Stored items from a collection
==========

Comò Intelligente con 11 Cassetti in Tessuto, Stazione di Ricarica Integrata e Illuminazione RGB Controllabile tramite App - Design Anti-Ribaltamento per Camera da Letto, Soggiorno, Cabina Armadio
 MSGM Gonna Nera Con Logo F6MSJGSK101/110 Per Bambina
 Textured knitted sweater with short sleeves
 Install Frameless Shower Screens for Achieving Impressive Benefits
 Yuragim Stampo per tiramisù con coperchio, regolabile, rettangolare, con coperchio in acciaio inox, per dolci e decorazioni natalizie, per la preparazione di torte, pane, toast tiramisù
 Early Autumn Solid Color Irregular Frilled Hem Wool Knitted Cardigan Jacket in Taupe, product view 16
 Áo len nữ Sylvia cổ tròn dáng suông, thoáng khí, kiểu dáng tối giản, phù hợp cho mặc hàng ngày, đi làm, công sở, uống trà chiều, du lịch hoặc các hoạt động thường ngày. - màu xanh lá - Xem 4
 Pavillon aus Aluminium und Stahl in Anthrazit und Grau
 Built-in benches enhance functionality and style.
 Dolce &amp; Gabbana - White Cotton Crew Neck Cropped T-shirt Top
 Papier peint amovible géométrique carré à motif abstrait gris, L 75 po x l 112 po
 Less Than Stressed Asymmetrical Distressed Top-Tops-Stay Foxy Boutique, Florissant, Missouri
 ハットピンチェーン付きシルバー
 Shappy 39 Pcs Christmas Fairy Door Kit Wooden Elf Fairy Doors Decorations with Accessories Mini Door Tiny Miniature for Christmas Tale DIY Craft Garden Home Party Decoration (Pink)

==========

**AIM OF THE EXERCISE:** Copy out the records once more, with nothing altered.

**TASK RESULT:**
Comò Intelligente con 11 Cassetti in Tessuto, Stazione di Ricarica Integrata e Illuminazione RGB Controllabile tramite App - Design Anti-Ribaltamento per Camera da Letto, Soggiorno, Cabina Armadio
 MSGM Gonna Nera Con Logo F6MSJGSK101/110 Per Bambina
 Textured knitted sweater with short sleeves
 Install Frameless Shower Screens for Achieving Impressive Benefits
 Yuragim Stampo per tiramisù con coperchio, regolabile, rettangolare, con coperchio in acciaio inox, per dolci e decorazioni natalizie, per la preparazione di torte, pane, toast tiramisù
 Early Autumn Solid Color Irregular Frilled Hem Wool Knitted Cardigan Jacket in Taupe, product view 16
 Áo len nữ Sylvia cổ tròn dáng suông, thoáng khí, kiểu dáng tối giản, phù hợp cho mặc hàng ngày, đi làm, công sở, uống trà chiều, du lịch hoặc các hoạt động thường ngày. - màu xanh lá - Xem 4
 Pavillon aus Aluminium und Stahl in Anthrazit und Grau
 Built-in benches enhance functionality and style.
 Dolce &amp; Gabbana - White Cotton Crew Neck Cropped T-shirt Top
 Papier peint amovible géométrique carré à motif abstrait gris, L 75 po x l 112 po
 Less Than Stressed Asymmetrical Distressed Top-Tops-Stay Foxy Boutique, Florissant, Missouri
 ハットピンチェーン付きシルバー
 Shappy 39 Pcs Christmas Fairy Door Kit Wooden Elf Fairy Doors Decorations with Accessories Mini Door Tiny Miniature for Christmas Tale DIY Craft Garden Home Party Decoration (Pink)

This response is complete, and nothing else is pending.